Que se passe-t-il dans le cerveau lorsqu'on ne dort pas ?Cette découverte a amené les scientifiques à s'interroger sur les effets d'une privation de sommeil. Pour approfondir leurs recherches, ils ont recruté 26 volontaires et les ont soumis à deux tests : l'un après une nuit blanche et l'autre après une bonne nuit de sommeil. Le matin, les chercheurs ont mesuré différentes fonctions cérébrales et corporelles pendant que les participants réalisaient une tâche couramment utilisée pour évaluer les effets de la privation de sommeil.
Durant le test, chaque participant portait un casque d'électroencéphalographie (EEG) permettant d'enregistrer l'activité cérébrale, simultanément à une imagerie par résonance magnétique fonctionnelle (IRMf). Les chercheurs ont utilisé une version modifiée du test, mesurant non seulement l'oxygénation sanguine cérébrale, mais aussi les flux entrants et sortants du liquide céphalo-rachidien. Ils ont également mesuré la fréquence cardiaque, la fréquence respiratoire et le diamètre pupillaire de chaque sujet. Les participants ont réalisé deux tâches d'attention pendant l'examen : une tâche visuelle et une tâche auditive. Pour la tâche visuelle, ils devaient fixer un écran affichant une croix fixe. À intervalles aléatoires, la croix se transformait en carré, et les participants devaient appuyer sur un bouton à chaque changement. Pour la tâche auditive, ils entendaient un bip.

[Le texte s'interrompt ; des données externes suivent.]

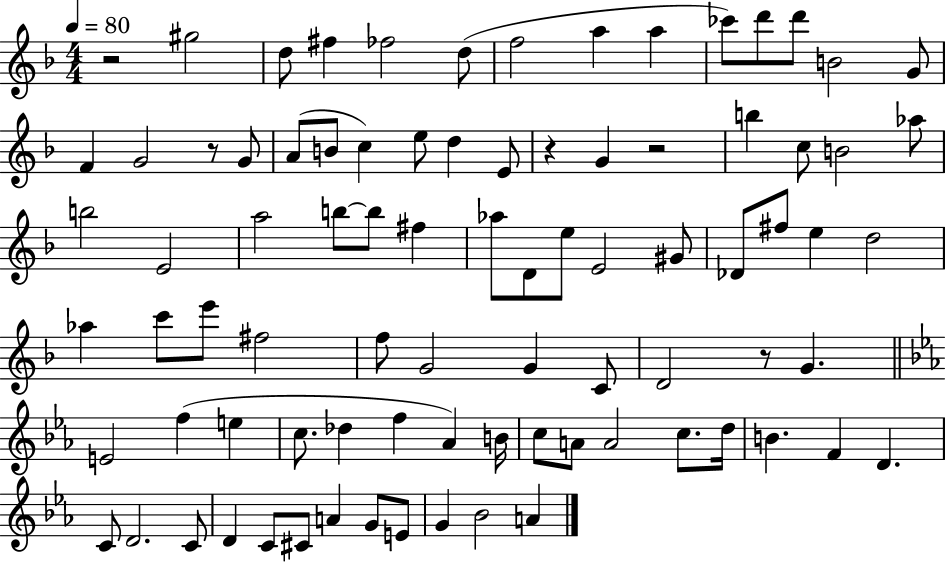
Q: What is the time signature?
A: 4/4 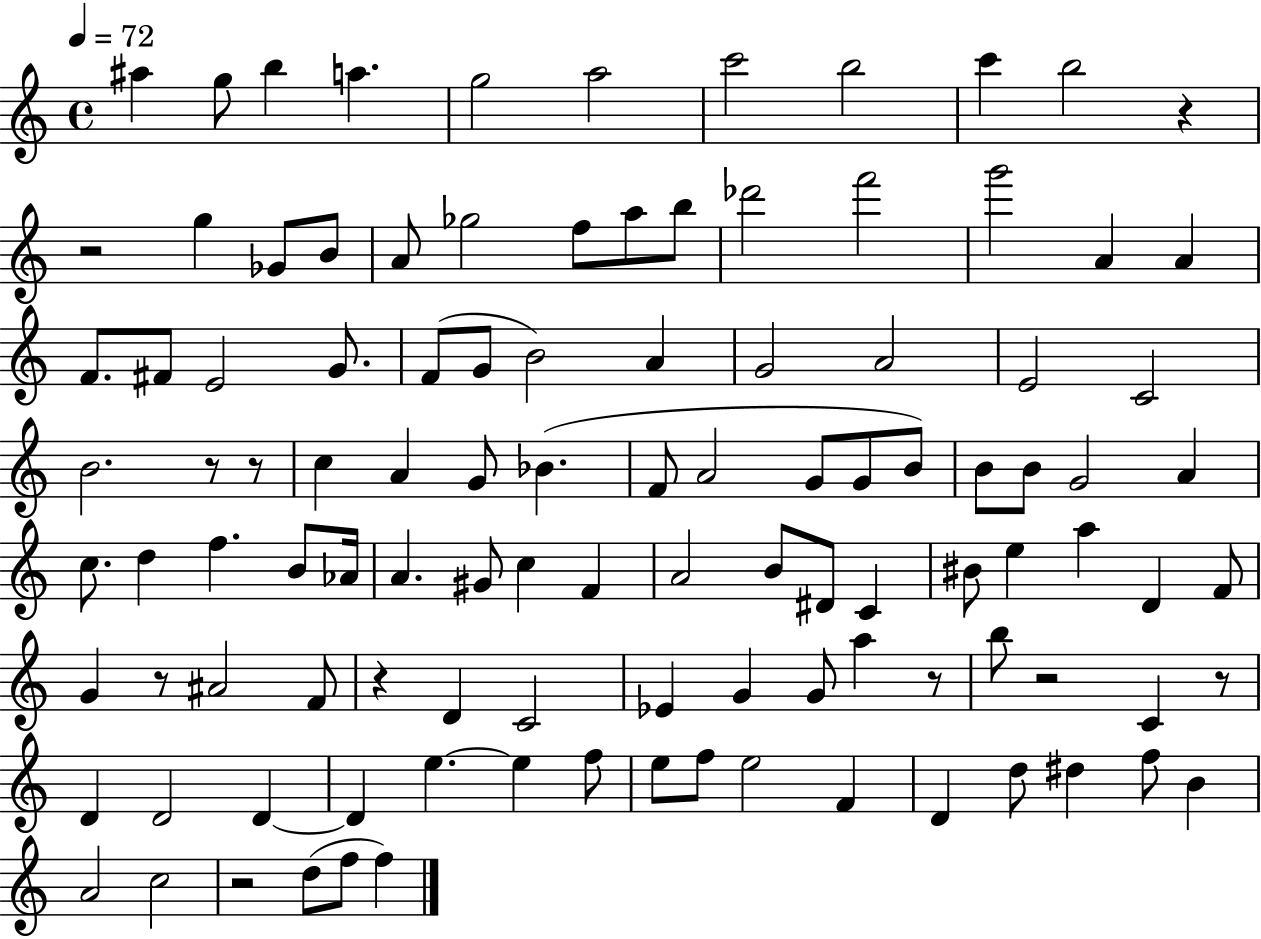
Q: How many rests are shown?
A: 10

Comme prévu, les participants privés de sommeil ont obtenu des résultats inférieurs à ceux des participants bien reposés lors de ces tâches. Leurs temps de réaction étaient plus longs et, pour certains stimuli, ils n'ont perçu aucun changement. Durant ces brèves interruptions d'attention, les chercheurs ont identifié plusieurs modifications physiologiques simultanées. La plus significative était la fuite de liquide céphalo-rachidien (LCR) pendant ces moments. Après chaque interruption, le LCR retournait dans le cerveau. « Ces résultats suggèrent donc que lors d'une interruption d'attention, ce liquide est effectivement expulsé vers l'extérieur, loin du cerveau. Et lorsque l'attention reprend, il est réabsorbé », explique Lewis.

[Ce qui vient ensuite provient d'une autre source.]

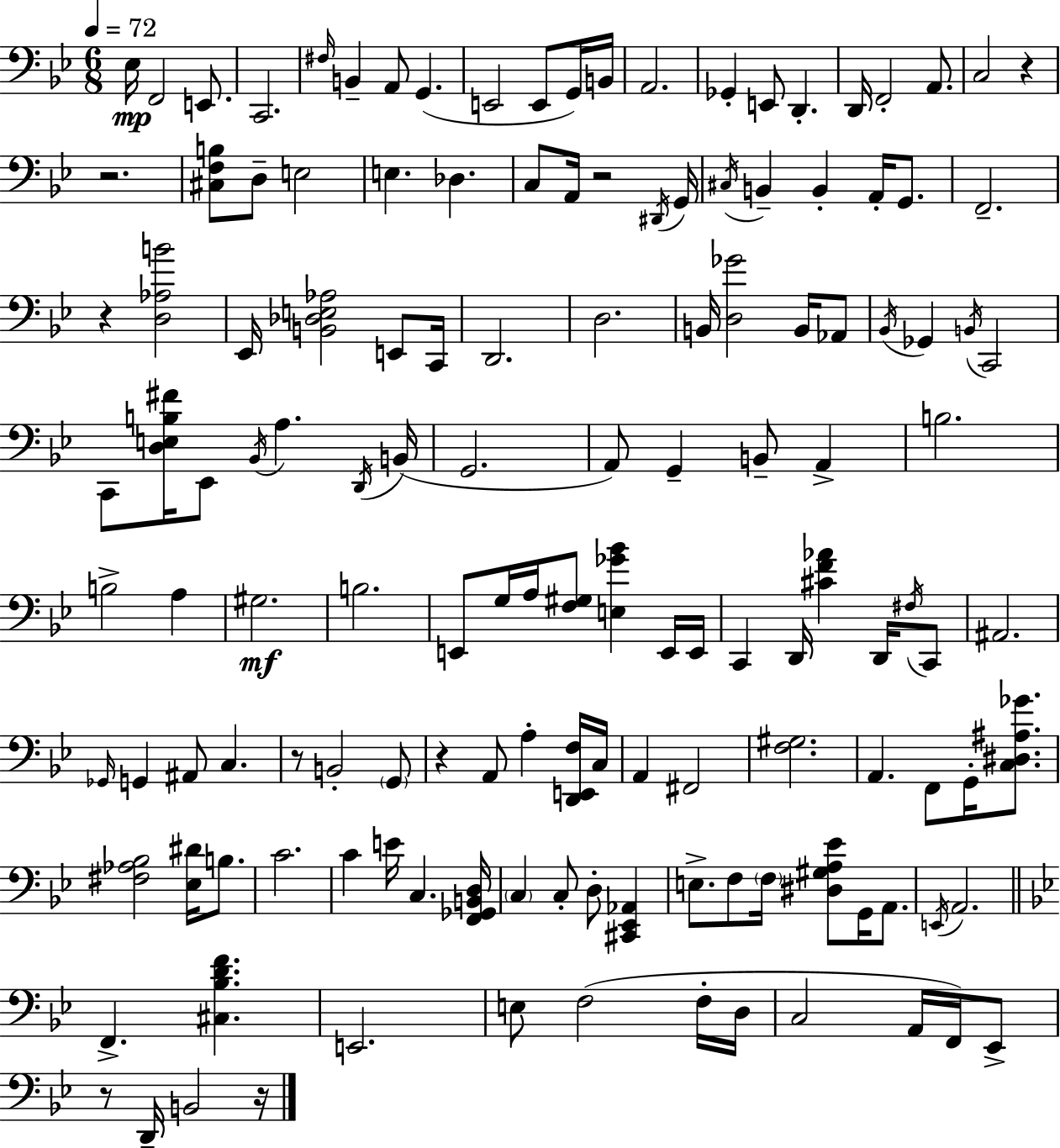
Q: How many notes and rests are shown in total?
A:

Les chercheurs émettent l'hypothèse que, lorsque le cerveau est privé de sommeil, il tente de compenser le manque de purification qui a normalement lieu pendant le sommeil , même si ces pics de flux de liquide céphalo-rachidien entraînent une perte d'attention. « On peut imaginer que, le cerveau ayant un besoin important de sommeil, il cherche à entrer dans un état similaire au sommeil pour restaurer certaines fonctions cognitives », explique Zinong Yang, auteur principal de l'étude. « Le système liquidien cérébral essaie de rétablir les fonctions en faisant passer le cerveau d'états de forte attention à des états de flux élevé. » Les chercheurs ont également découvert d'autres événements physiologiques liés aux pertes d'attention, notamment un ralentissement de la respiration et du rythme cardiaque, ainsi qu'une constriction pupillaire. Ils ont constaté que cette dernière, en particulier, commençait environ 12 secondes avant la fuite de liquide céphalo-rachidien et que les pupilles se dilataient à nouveau après la perte d'attention. « Le plus intéressant, c'est que cela ne semble pas être un simple phénomène cérébral, mais un événement impliquant l'organisme tout entier », observe Lewis. « Ces résultats », conclut-il, « suggèrent l'existence d'un circuit unifié qui régit à la fois ce que nous considérons comme des fonctions cérébrales de haut niveau (notre attention, notre capacité à percevoir le monde et à y réagir) et des processus physiologiques fondamentaux tels que la dynamique des fluides cérébraux, le flux sanguin dans tout le cerveau et la constriction des vaisseaux sanguins. »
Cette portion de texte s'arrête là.